Please restate word for word each line from the one containing "this 800×533 image." to the last line of the records below, and drop the pictures.

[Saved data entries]
▼

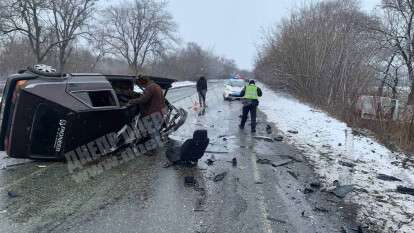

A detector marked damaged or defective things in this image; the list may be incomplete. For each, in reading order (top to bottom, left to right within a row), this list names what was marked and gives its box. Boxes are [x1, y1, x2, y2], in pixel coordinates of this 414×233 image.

overturned van [0, 65, 186, 160]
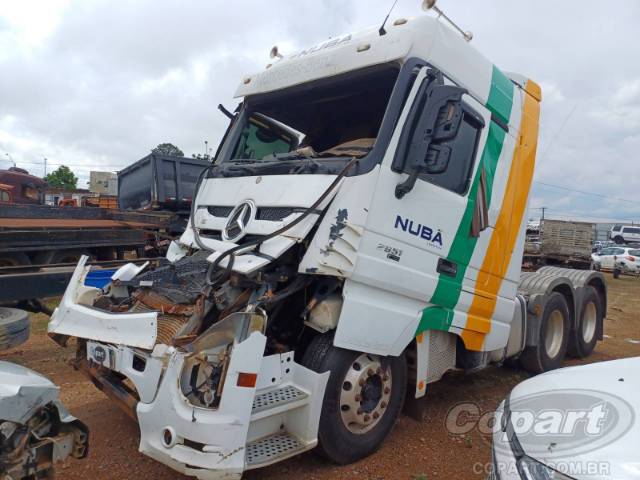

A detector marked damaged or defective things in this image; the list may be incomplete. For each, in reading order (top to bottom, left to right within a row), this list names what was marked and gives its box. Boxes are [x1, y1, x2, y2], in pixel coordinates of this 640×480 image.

damaged hood [181, 173, 340, 274]
damaged hood [0, 360, 59, 424]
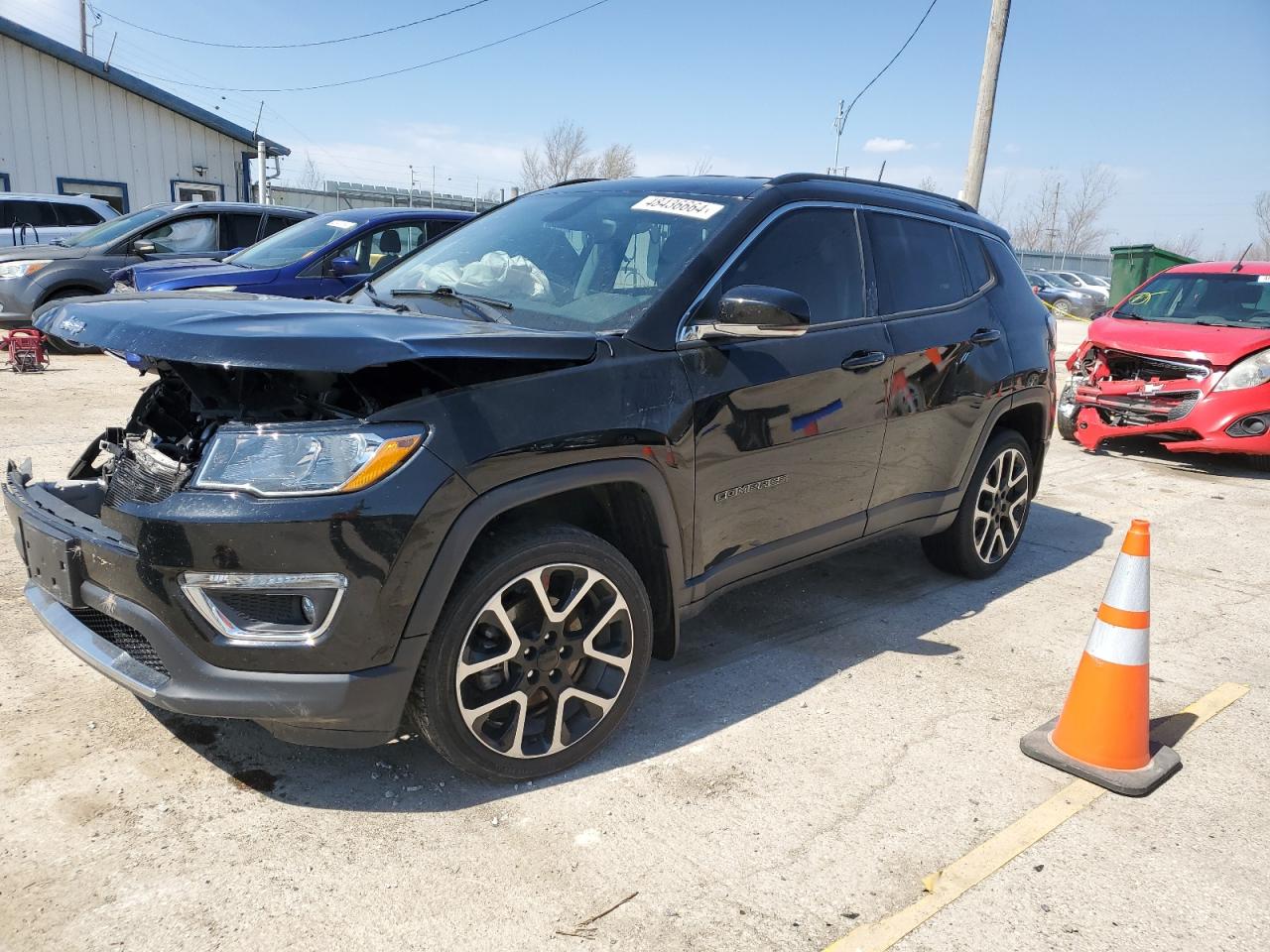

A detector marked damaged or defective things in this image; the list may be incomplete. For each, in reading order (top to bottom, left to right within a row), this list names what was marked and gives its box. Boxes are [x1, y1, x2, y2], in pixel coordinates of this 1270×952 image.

red damaged car [1056, 260, 1270, 468]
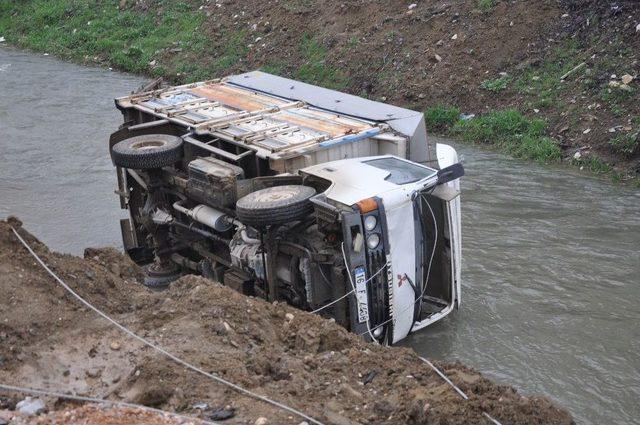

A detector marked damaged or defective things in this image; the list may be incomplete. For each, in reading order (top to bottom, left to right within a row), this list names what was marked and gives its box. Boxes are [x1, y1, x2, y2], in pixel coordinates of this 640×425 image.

overturned truck [107, 71, 462, 342]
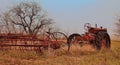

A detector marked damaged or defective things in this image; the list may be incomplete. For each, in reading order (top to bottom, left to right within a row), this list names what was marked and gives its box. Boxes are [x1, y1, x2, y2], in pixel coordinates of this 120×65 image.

rusty red tractor [67, 22, 111, 50]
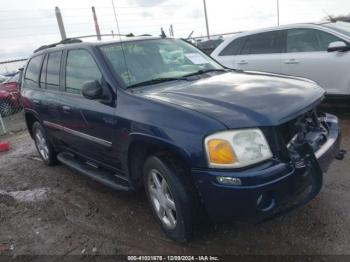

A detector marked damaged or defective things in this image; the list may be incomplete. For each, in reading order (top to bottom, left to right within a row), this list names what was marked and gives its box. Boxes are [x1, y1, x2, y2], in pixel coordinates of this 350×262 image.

exposed wheel well [127, 140, 190, 189]
crumpled front bumper [191, 113, 342, 222]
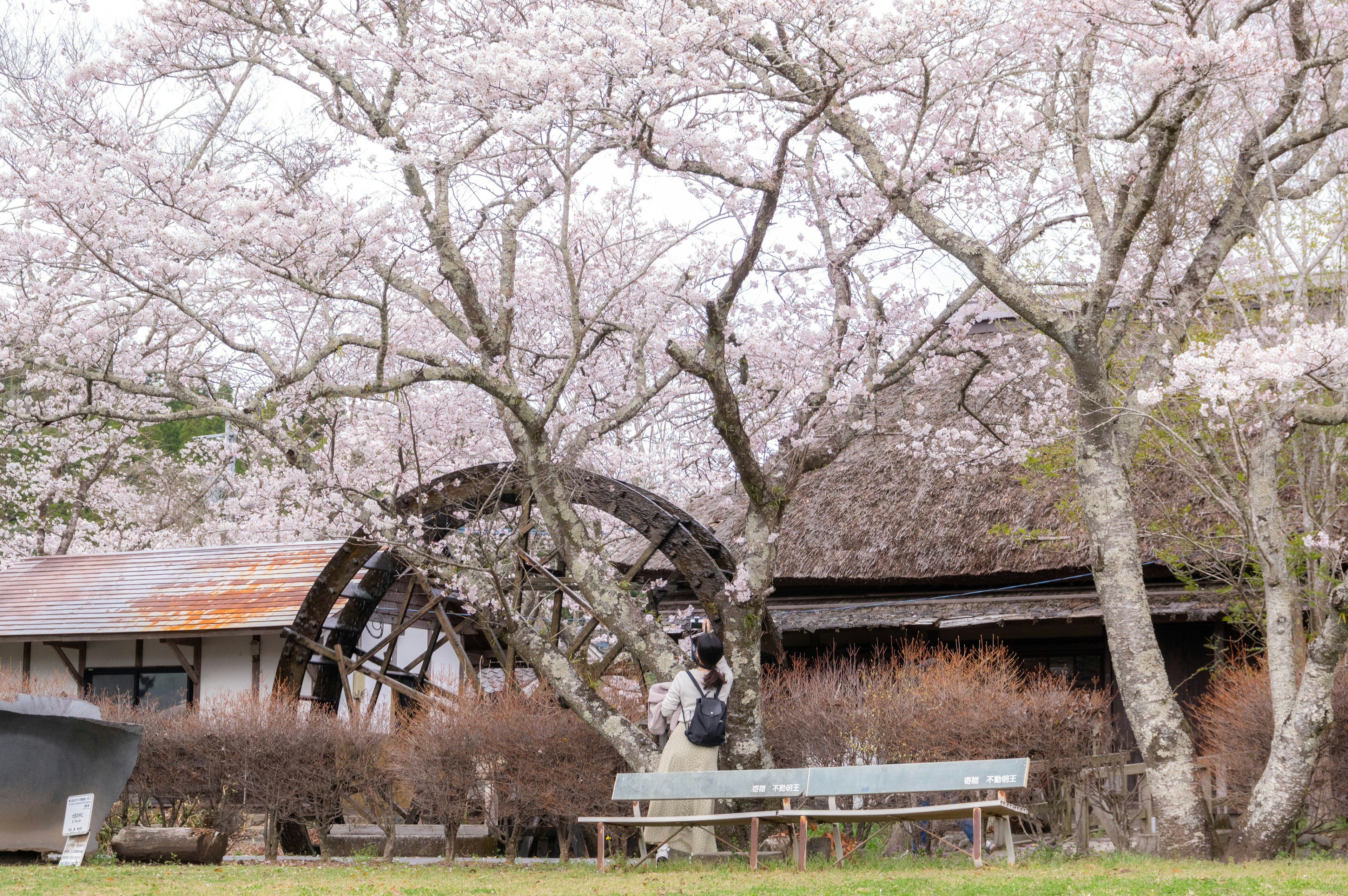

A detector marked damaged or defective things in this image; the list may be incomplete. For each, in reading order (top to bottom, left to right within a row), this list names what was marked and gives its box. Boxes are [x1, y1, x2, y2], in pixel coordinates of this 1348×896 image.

rusty metal roof [0, 545, 352, 643]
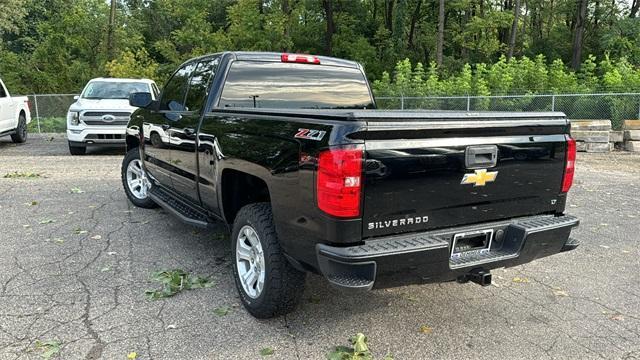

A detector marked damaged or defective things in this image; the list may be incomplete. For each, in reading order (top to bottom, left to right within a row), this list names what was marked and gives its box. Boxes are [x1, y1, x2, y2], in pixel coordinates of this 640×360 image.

cracked asphalt [1, 134, 640, 358]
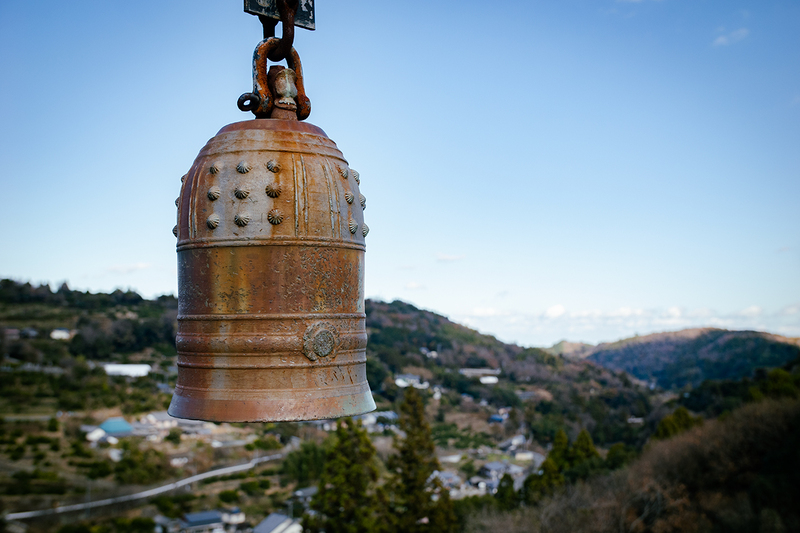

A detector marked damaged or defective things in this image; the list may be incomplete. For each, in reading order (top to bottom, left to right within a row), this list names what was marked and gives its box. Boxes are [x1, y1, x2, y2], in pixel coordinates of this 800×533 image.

rusty patina on bell [170, 115, 376, 420]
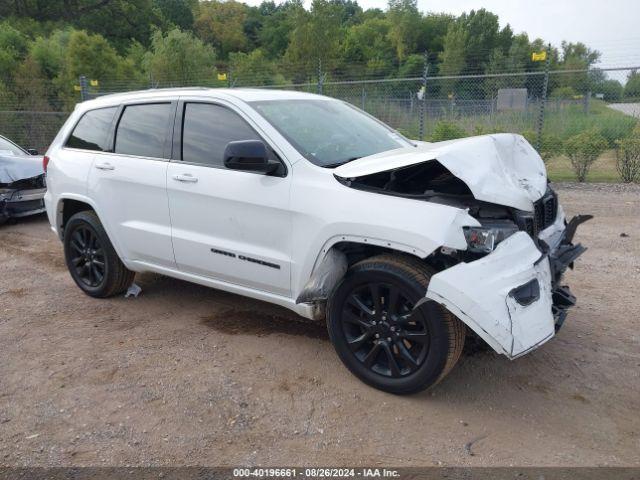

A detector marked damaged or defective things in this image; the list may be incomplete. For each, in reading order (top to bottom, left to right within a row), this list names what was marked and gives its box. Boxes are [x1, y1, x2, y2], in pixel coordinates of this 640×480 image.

crumpled hood [0, 154, 44, 186]
severe front-end damage [0, 153, 46, 224]
damaged bumper [0, 188, 47, 221]
crumpled hood [332, 134, 548, 211]
severe front-end damage [336, 135, 592, 360]
broken headlight [464, 219, 520, 253]
damaged bumper [428, 212, 588, 358]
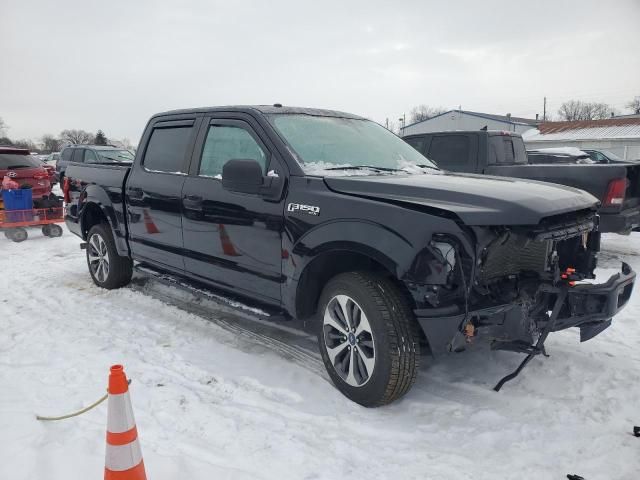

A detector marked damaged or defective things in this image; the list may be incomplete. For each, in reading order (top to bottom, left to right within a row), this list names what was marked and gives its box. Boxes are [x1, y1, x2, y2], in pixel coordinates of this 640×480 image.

front-end collision damage [400, 214, 636, 390]
crumpled bumper [552, 262, 636, 342]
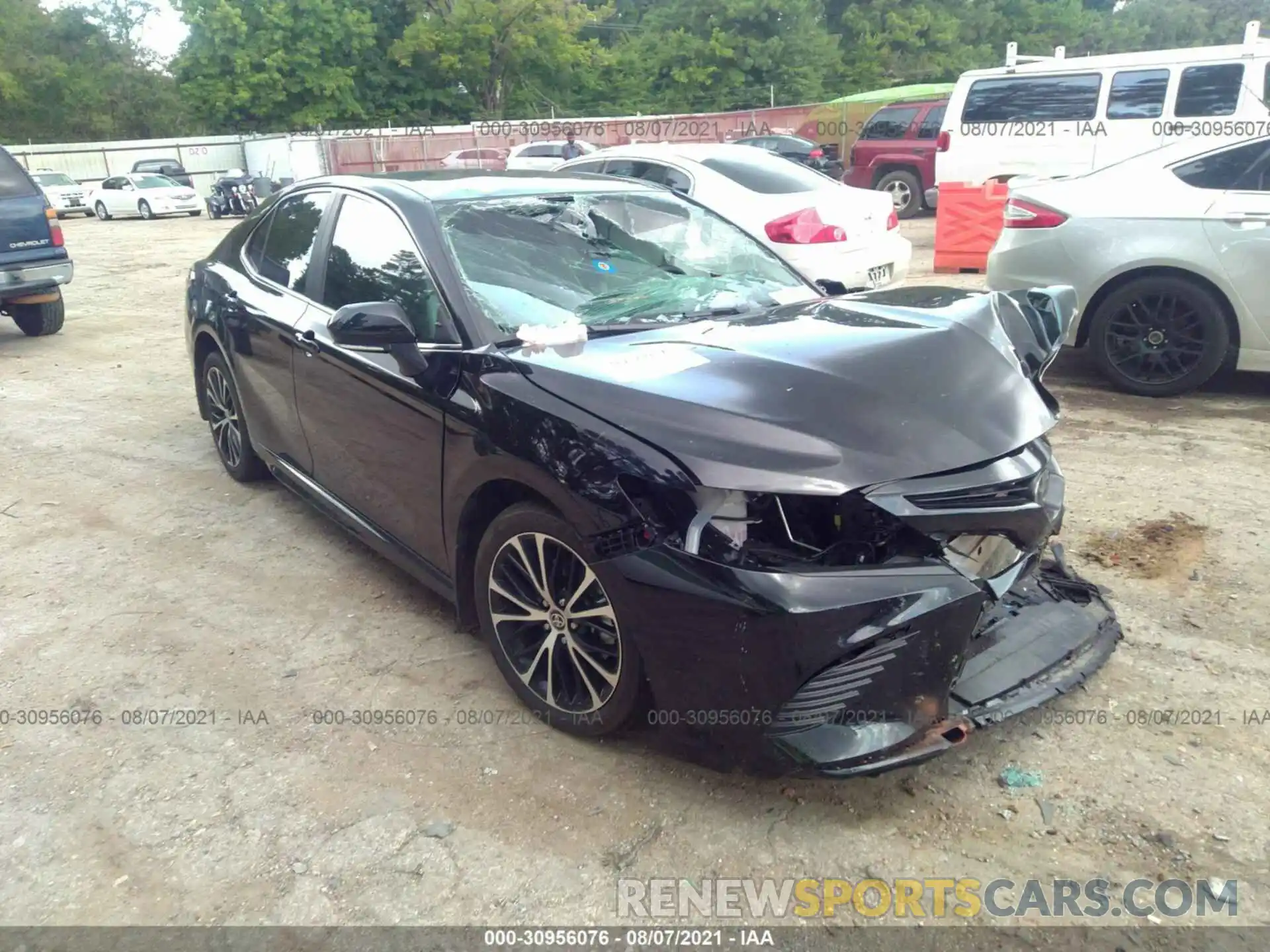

▲

WRITTEN ANSWER →
A detector marked damaged or defective things in this image; the list may be incomplete. For each, in reading order (top to bottom, left to right within a row), this list names what was marked and gives its box. Boxes are [x1, y1, x2, y2], in pixel coordinates of this 800×533 image.

rusty patina on bell [170, 115, 376, 420]

A detector marked damaged or defective things in this image; the list may be incomplete. For each, in reading order (top to bottom, left to right within a row), this list names what was marked and gives its box. Boxes are [x1, y1, x2, y2], in pixel coordinates of this 640×480 image.

crumpled hood [0, 154, 44, 186]
severe front-end damage [0, 153, 46, 224]
damaged bumper [0, 188, 47, 221]
crumpled hood [332, 134, 548, 211]
severe front-end damage [336, 135, 592, 360]
broken headlight [464, 219, 520, 253]
damaged bumper [428, 212, 588, 358]

A detector marked damaged or defective things in this image; the list may be incomplete. For each, in reading order (top to bottom, left to right within a row), this list names what was marked and gives its box. Boxes are [x1, y1, x2, y2], in pixel coordinates of this 640×480 image.

front-end collision damage [400, 214, 636, 390]
crumpled bumper [552, 262, 636, 342]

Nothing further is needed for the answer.